(Short text fragments from websites)
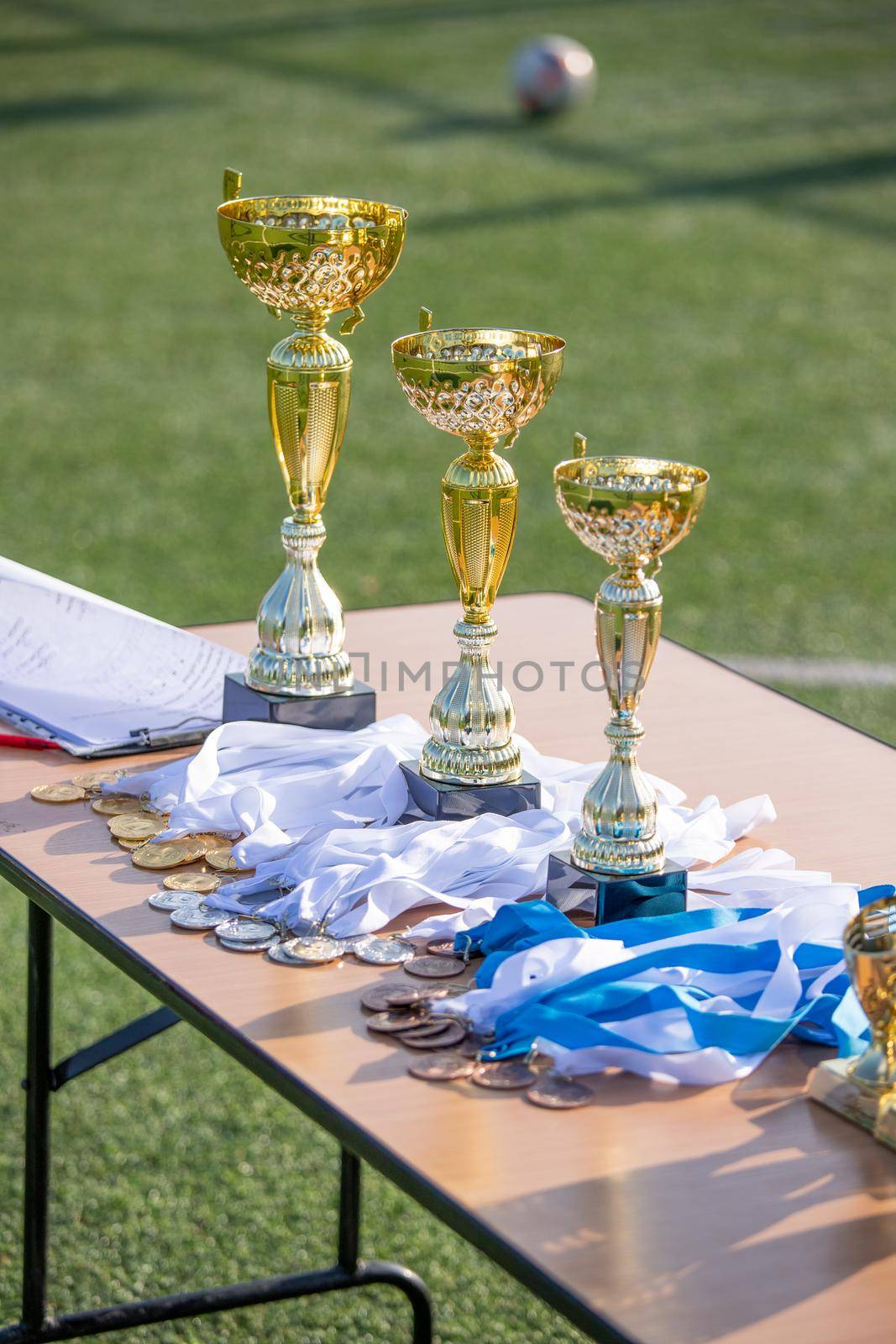 three different types of golden trophies on a blurry background of a football field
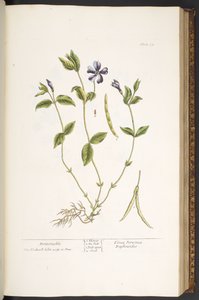 Talerz 59, Barwinek, z „Ciekawego zielnika” autorstwa Elizabeth Blackwell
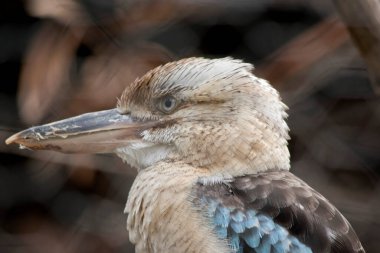 Mavi kanatlı Kookaburra büyük kare kafalı ve uzun gagalı büyük bir balıkçıdır. Ayırt edici soluk bir gözü var. Kafası açık beyaz, omuzları mavi, kahverengi çizgileri var.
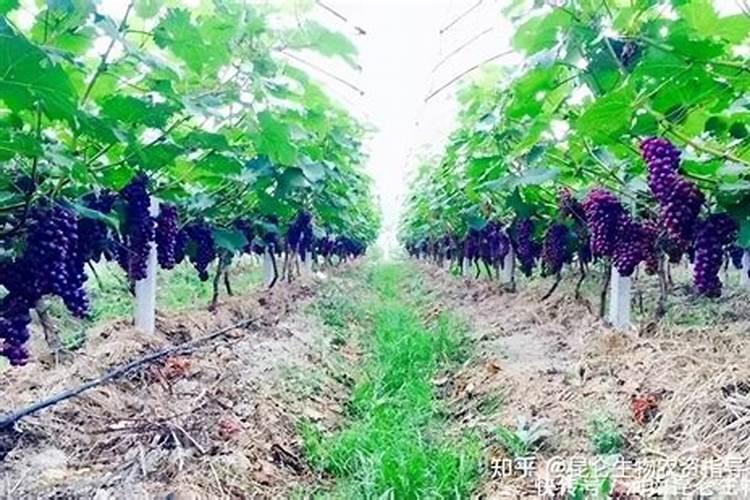 葡萄浇水时施氮肥过多过近出现下部叶子干枯怎样补救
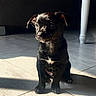 adorable, animal, black_dog, curious, cute, dog, domestic_animal, floor, indoor, light_and_shadow, pet, puppy, quiet, shadow, sitting, small_dog, sunlight, table_leg, tile_floor, young_dog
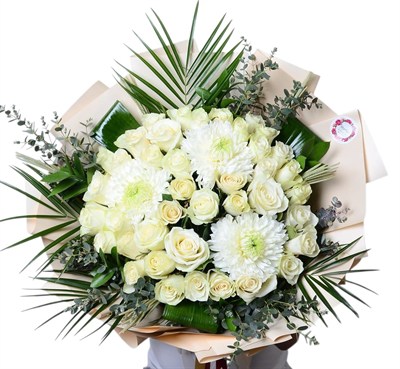 White Rose Angel, Innocent, Pure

__PROBLEM__:
Return, exactly as they stand, the lines above from the one with "Talerz 59, Barwinek, z" to the one with "葡萄浇水时施氮肥过多过近出现下部叶子干枯怎样补救", omitting any pictures among them.

__REPLY TO THE EXERCISE__:
 Talerz 59, Barwinek, z „Ciekawego zielnika” autorstwa Elizabeth Blackwell
 Mavi kanatlı Kookaburra büyük kare kafalı ve uzun gagalı büyük bir balıkçıdır. Ayırt edici soluk bir gözü var. Kafası açık beyaz, omuzları mavi, kahverengi çizgileri var.
 葡萄浇水时施氮肥过多过近出现下部叶子干枯怎样补救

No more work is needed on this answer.